Segment Start: Material for this exercise

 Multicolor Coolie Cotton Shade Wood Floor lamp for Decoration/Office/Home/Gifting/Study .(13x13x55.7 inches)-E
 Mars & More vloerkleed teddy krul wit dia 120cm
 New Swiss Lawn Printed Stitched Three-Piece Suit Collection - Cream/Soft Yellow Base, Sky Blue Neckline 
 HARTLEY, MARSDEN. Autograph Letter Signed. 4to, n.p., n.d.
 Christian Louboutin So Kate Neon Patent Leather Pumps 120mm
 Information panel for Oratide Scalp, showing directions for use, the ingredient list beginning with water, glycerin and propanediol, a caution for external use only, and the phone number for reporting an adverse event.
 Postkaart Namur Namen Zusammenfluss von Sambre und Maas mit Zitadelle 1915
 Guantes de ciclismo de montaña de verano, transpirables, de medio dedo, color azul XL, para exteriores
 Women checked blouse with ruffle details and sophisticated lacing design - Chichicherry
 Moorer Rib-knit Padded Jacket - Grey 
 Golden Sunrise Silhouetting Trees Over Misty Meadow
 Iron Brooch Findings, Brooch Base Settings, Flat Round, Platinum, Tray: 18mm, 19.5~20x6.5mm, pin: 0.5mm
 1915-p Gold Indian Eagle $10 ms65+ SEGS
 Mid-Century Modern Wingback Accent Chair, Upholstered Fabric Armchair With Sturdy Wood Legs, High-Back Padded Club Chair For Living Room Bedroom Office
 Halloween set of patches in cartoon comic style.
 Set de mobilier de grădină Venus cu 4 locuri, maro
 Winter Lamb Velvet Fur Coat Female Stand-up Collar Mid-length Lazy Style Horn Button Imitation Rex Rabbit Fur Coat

Segment End: Material for this exercise

→ **Task description**: The response must consist solely of the lines from the one with "HARTLEY, MARSDEN. Autograph" through the end of the listing above, copied exactly; please include the first and the last.

→ **Solution for this problem**:
 HARTLEY, MARSDEN. Autograph Letter Signed. 4to, n.p., n.d.
 Christian Louboutin So Kate Neon Patent Leather Pumps 120mm
 Information panel for Oratide Scalp, showing directions for use, the ingredient list beginning with water, glycerin and propanediol, a caution for external use only, and the phone number for reporting an adverse event.
 Postkaart Namur Namen Zusammenfluss von Sambre und Maas mit Zitadelle 1915
 Guantes de ciclismo de montaña de verano, transpirables, de medio dedo, color azul XL, para exteriores
 Women checked blouse with ruffle details and sophisticated lacing design - Chichicherry
 Moorer Rib-knit Padded Jacket - Grey 
 Golden Sunrise Silhouetting Trees Over Misty Meadow
 Iron Brooch Findings, Brooch Base Settings, Flat Round, Platinum, Tray: 18mm, 19.5~20x6.5mm, pin: 0.5mm
 1915-p Gold Indian Eagle $10 ms65+ SEGS
 Mid-Century Modern Wingback Accent Chair, Upholstered Fabric Armchair With Sturdy Wood Legs, High-Back Padded Club Chair For Living Room Bedroom Office
 Halloween set of patches in cartoon comic style.
 Set de mobilier de grădină Venus cu 4 locuri, maro
 Winter Lamb Velvet Fur Coat Female Stand-up Collar Mid-length Lazy Style Horn Button Imitation Rex Rabbit Fur Coat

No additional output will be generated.